- Dataset excerpts:
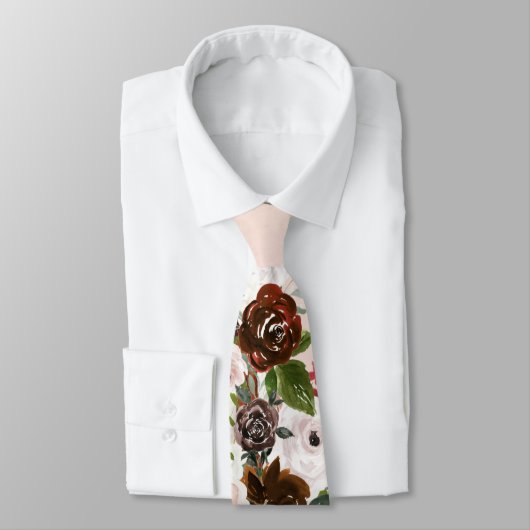 マルサラ赤面ピンクシックフローラグルームズ結婚ズ ネクタイ (タイ)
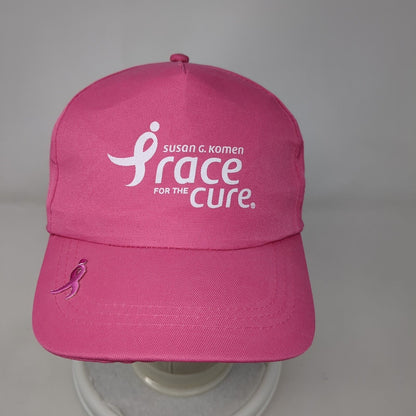 Race For The Cure Survivor Strapback Hat Pink OSFA Susan G. Komen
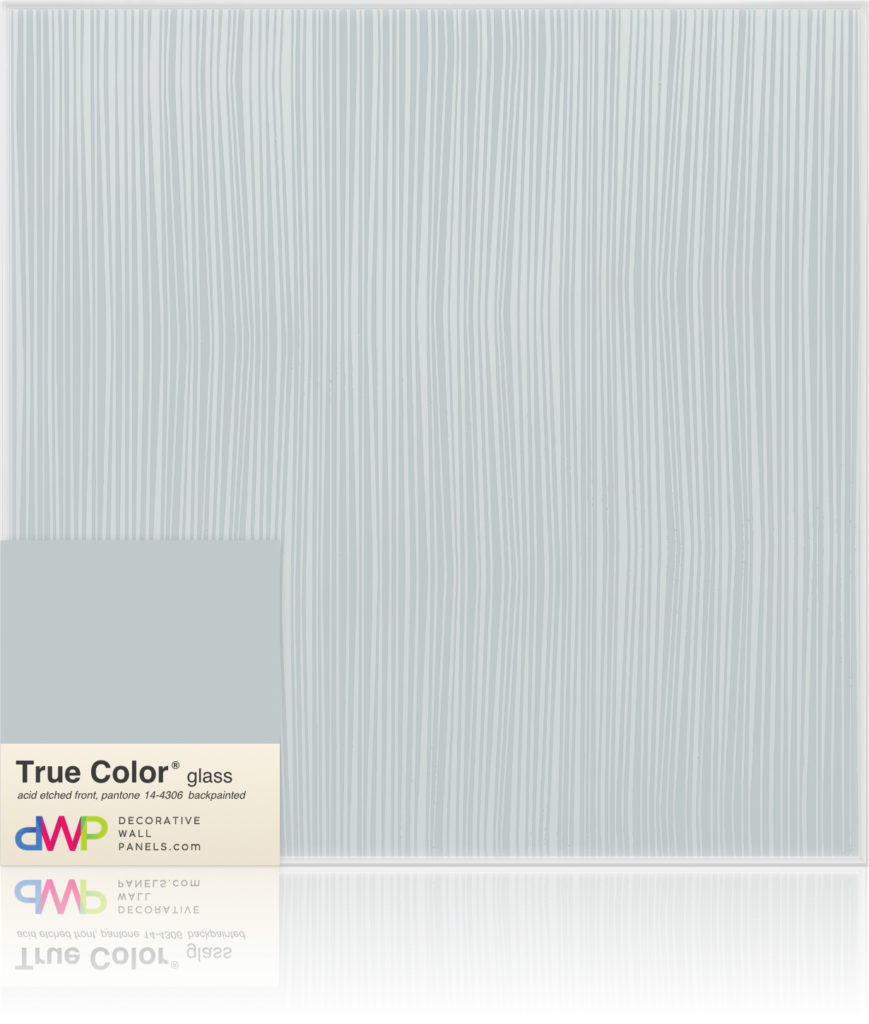  Glass Wall Panels - Etched & Backpainted - Pleats-Backpainted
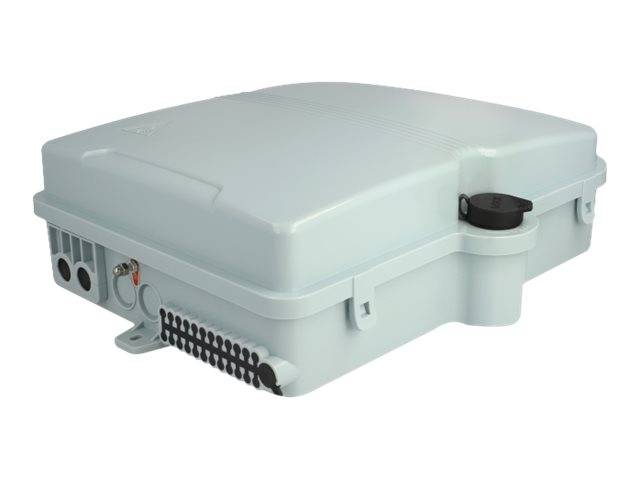 Delock Glasfaser-Verteilerbox - IP65, wasserfest, abschließbar - geeignet für Wa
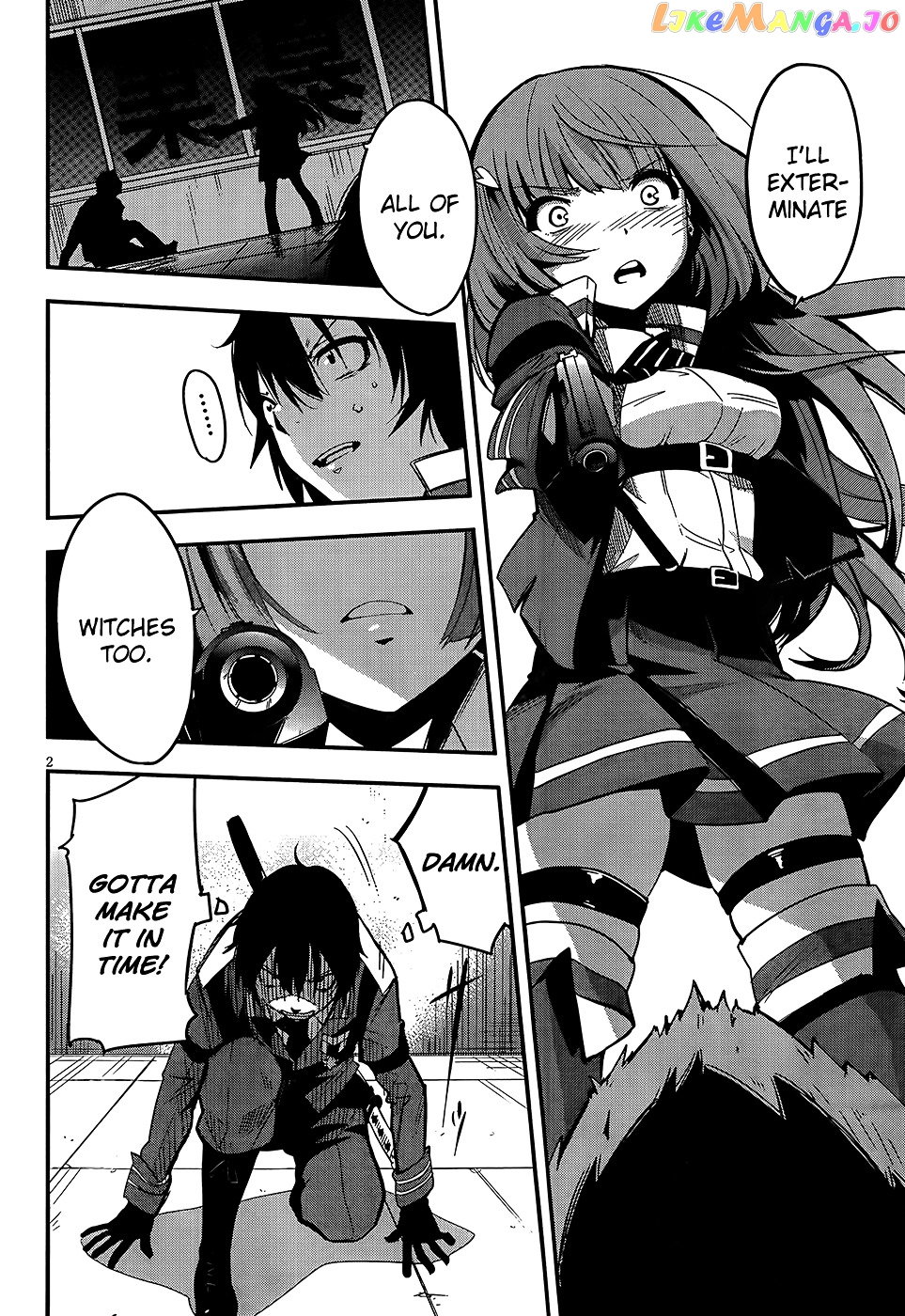Taimadou Gakuen 35 Shiken Shoutai chapter 4 - page 2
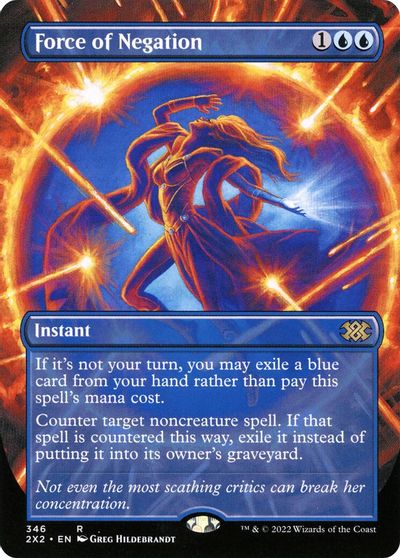 Force of Negation (Borderless) card art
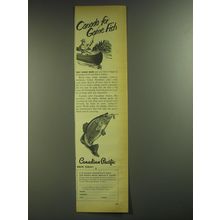 1952 Canadian Pacific Ad - Canada for Game Fish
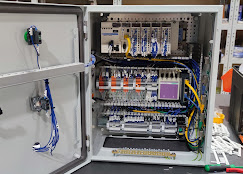 Armoire industrielle câblée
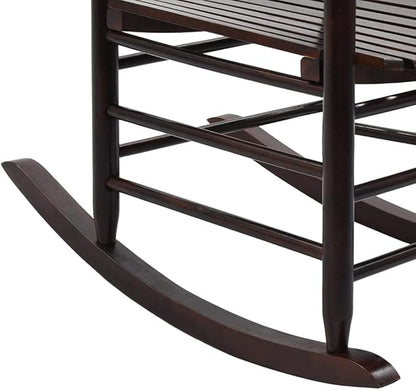 Rocking Chair Brown Poplar Hardwood Standard Durable Outdoor Chairs Patio Chairs for Outdoor Indoor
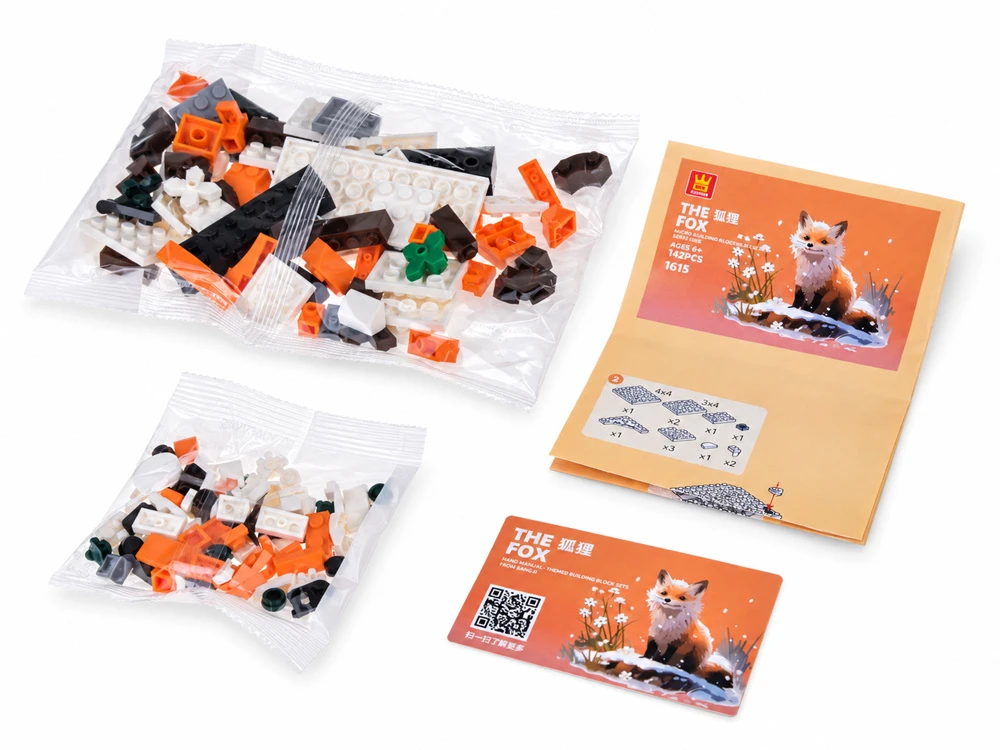 Jokomisiada Technical blocks Series: Wild land animals LIS 142pcs ZA5852 C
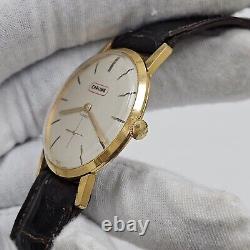 Vintage E BRANDT & Fils WATCH Wristwatch watch 17 jewels Carling Swiss Thin Rare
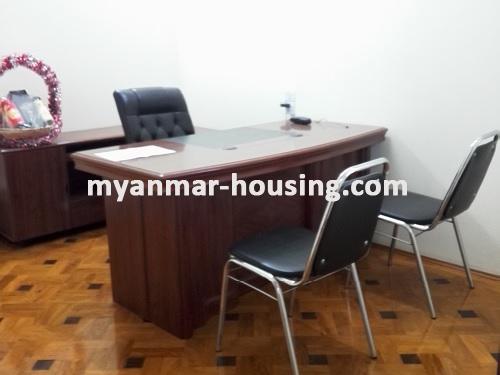 缅甸房地产 - 出租物件 - No.2929 - Decorated Room Located near Dagon Center Shopping Center- Pyay Road! - View of the single bed room.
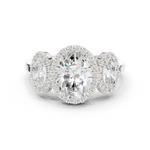Gold Ring DDLR-1062, White Gold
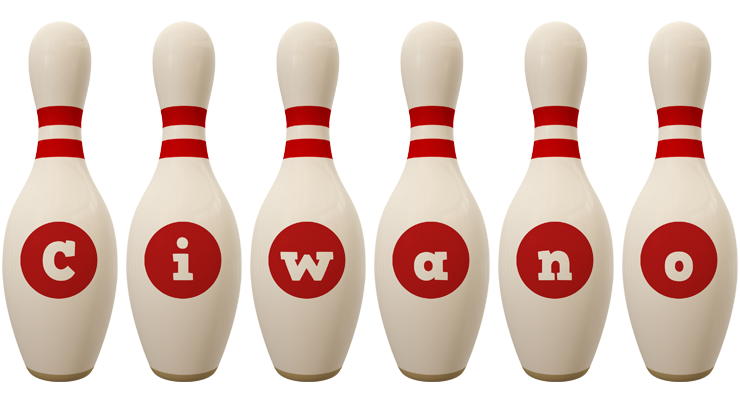 Ciwano bowling-pin logo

- Your assignment: Retype, exactly as written, each line from the one containing "Gold Ring DDLR-1062, White Gold" through the end of the data above, and leave out every picture.

- Task response:
Gold Ring DDLR-1062, White Gold
 Ciwano bowling-pin logo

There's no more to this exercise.